World’s oldest soap opera off screens
WASHINGTON: The US show Guiding Light aired its final episode yesterday, 72 years and more than 15,000 episodes after its first broadcast as a CBS radio programme in 1937.
The show, the story
of three families in
fictional Springfield, USA, moved to television in 1952 and first broadcast in colour in 1967.
In the typically sudsy
finale, the main characters, Josh Lewis and Reva Shayne, decided to
marry “again”, then drive off in Josh’s vintage pickup truck on an unspecified adventure.
“You ready?” Josh
asked Reva.
“Always,” she replied.
“It really is hard for someone who doesn’t watch a soap opera to understand the effect it has,” said Lynn Leahey, editor of the magazine Soap Opera Digest. “It becomes like a neighbour that you have coffee with every day.”

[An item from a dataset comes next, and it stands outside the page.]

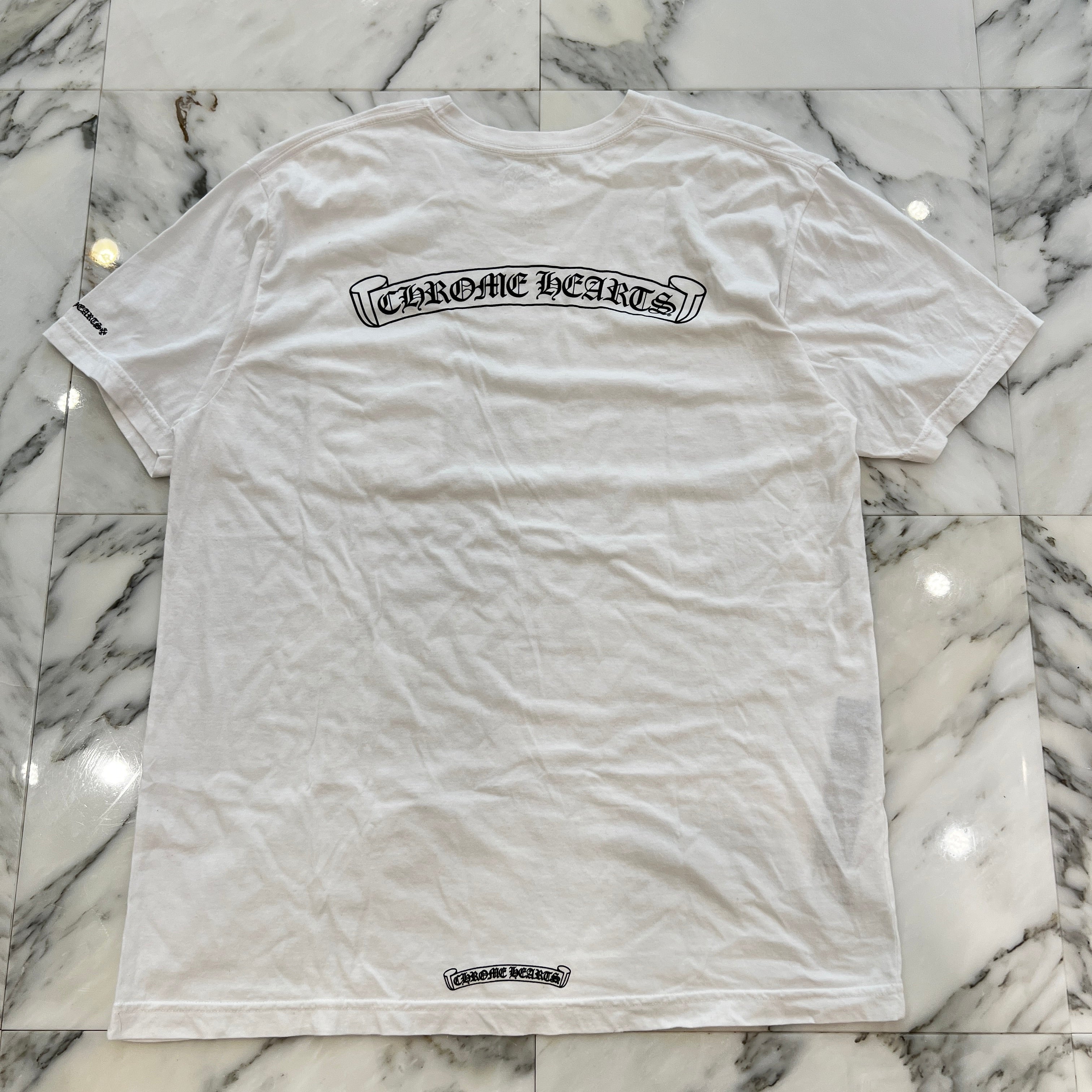 CHROME HEARTS Back Scroll Logo Tee Size XL クロムハーツ バックスクロールロゴ Tシャツ サイズXL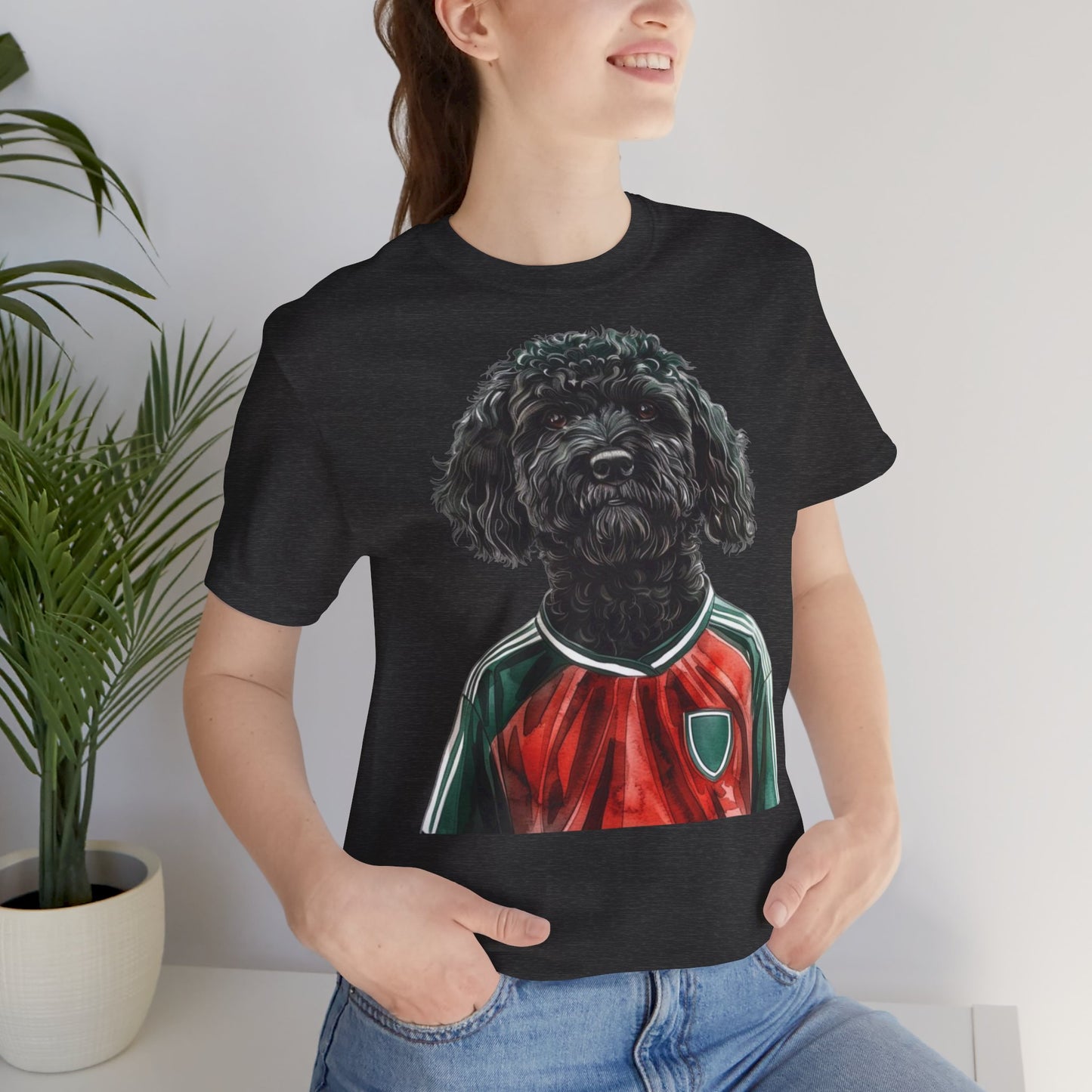 Unisex T-Shirt Fußball Fan Wuffis I EM 2024 I Ungarischer Hirtenhund I Team Ungarn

Lynn Rydzik, 36, started watching the show in 1979 with her grandmother.
“They were more
consistent than pretty much anything else in my life,” she said.
It has been a long and rocky run for the show’s main characters who have married, divorced and remarried one another.
The show’s core audience, and that of most daytime television, was women, who have entered the workforce in droves and are no longer at
home during the day in large numbers to watch television, Leahey said. Only seven daytime television soap operas remain on the air in the US.